Zu einem Fernrohr sollte unbedingt noch das aktuelle "Himmelsjahr" aus dem Kosmos-Verlag dazuschenken. In dem Buch stehen für jeden Tag oder Monat eines Jahres die wichtigsten astronomischen Ereignisse und Sehenswürdigkeiten drin. Anderenfalls weiß kein Anfänger, was er außer dem Mond sonst noch wo beobachten kann! Als Ergänzung ist außerdem sehr gut der "Atlas für Himmelsbeobachter" von E. Karkoschka mit schönen Aufsuchkärtchen der Himmelsobjekte.

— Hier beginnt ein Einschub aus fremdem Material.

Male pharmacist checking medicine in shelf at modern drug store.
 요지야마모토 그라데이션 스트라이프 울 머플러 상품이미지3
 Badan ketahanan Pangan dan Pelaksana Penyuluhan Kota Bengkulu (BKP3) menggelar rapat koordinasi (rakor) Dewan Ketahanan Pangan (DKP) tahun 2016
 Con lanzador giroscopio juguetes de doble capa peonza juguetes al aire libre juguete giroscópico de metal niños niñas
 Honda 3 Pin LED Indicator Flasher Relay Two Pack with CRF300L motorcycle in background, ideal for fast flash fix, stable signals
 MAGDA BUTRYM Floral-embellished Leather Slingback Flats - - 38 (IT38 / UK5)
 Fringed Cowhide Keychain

Warnen möchte ich vor diesen speziell für Anfänger beworbenen "GoTo"-Teleskopen, mit GPS und Computer. Die sollen einen automatisch die ganzen Himmelsobjekt (mindestens 10000 sind im Speicher) zeigen, ohne lange Sucherei. Klingt verlockend, nicht? Nachdem man sich durch das dicke Handbuch gequält hat, ist man aber meist mindestens so ratlos wie zuvor. Und wenn das Gerätchen dann loslegt, weiß auch niemand so richtig, was es da tut. In den seltensten Fällen das, was man von ihm erwartet. Ob es das ist, was Kinder wollten...

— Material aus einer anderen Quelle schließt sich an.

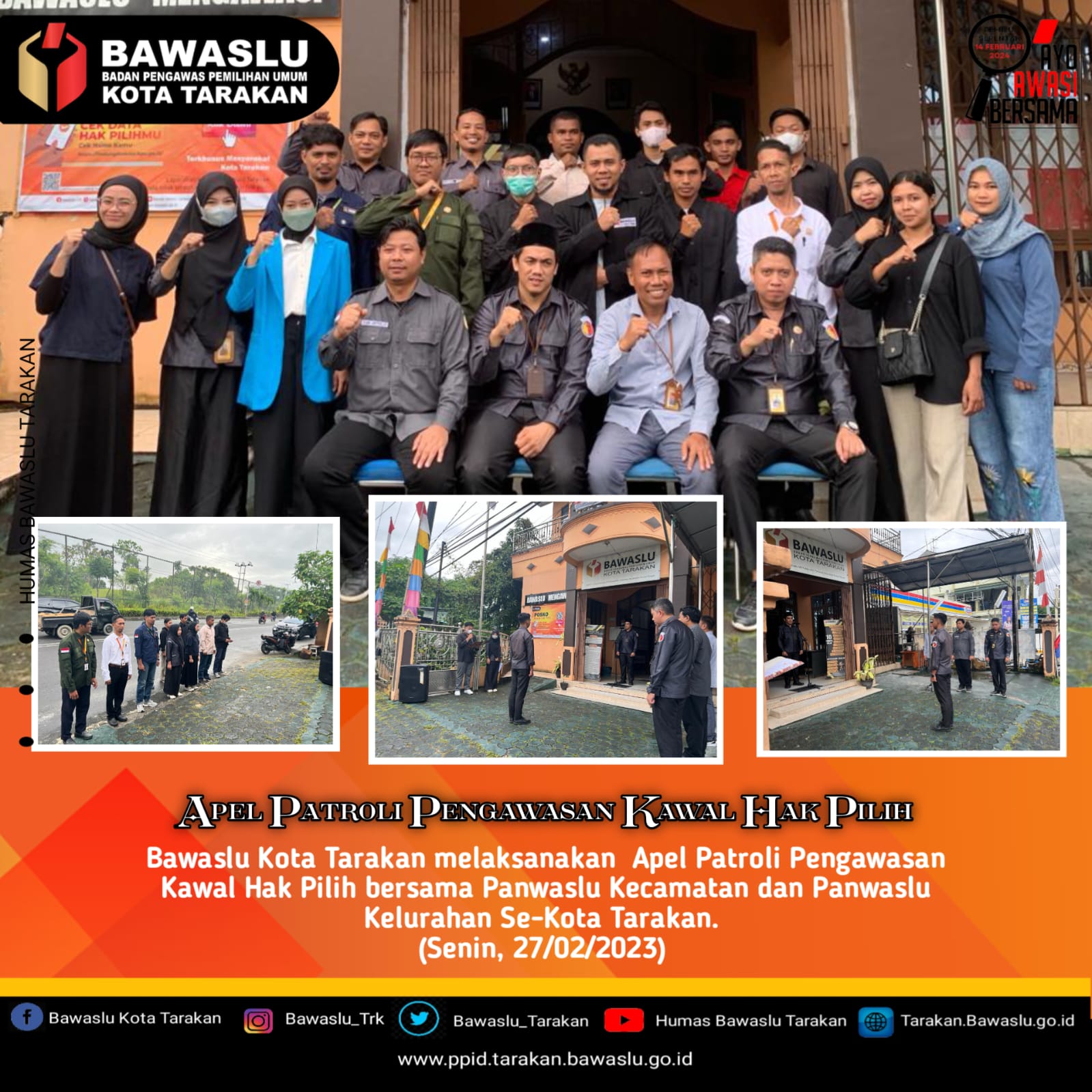 Ketua Bawaslu berikan penguatan & pengawalan pembuatan posko hak pilih  pada tahapan Muntarlih di Apel Bawaslu Kota Tarakan.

Bevor man aber mit dem Kauf zuschlägt, sollte man sich unbedingt meinen Grundlagenartikel über Teleskope durchlesen. Dort habe ich auch ein paar Empfehlungen zu konkreten Beispielen oder für ein bestimmtes Budget gemacht.
In der Zeitschrift "Sterne und Weltraum", Heft 11/2010 wurden vier Einsteigerteleskope in der 200-Euro Klasse von Bernd Weisheit getestet:
Die gibt es wie Sand am Meer. Ob es tadellos ist
oder Murks, sieht man ihm aber von außen in den seltensten Fällen
an, so dass der Kauf ohne Test reines Roulette ist. Da kann ich
auch keine Empfehlung geben oder Tipps, ob das in einer
Onlineauktion mit Artikelnummer soundso angepriesene Teil wirklich
gut ist. Wer es probieren will, soll es riskieren. Verkaufen kann
man es ja auf die gleiche Weise wieder und man hat weniger Verlust
gemacht, als wenn man sich ein Neugerät besorgt hat.
Vielleicht eine nette Ergänzung zu einem Teleskop
ist - vor allem für die elektronik-verliebte Generation - das "Universe2go"
(Bild links, Quelle: Astrohop.de).
Ein Augmented-Reality-Sternenführer, der unerfahrenen Nutzern die
Orientierung am Himmel erleichtert, indem in den Anblick des
Himmels Sternkarten etc. aus dem eingelegten Smartphone
eingespiegelt werden. Sonst kann die Navigation für den Anfänger
unter den Sternen schon schwierig werden.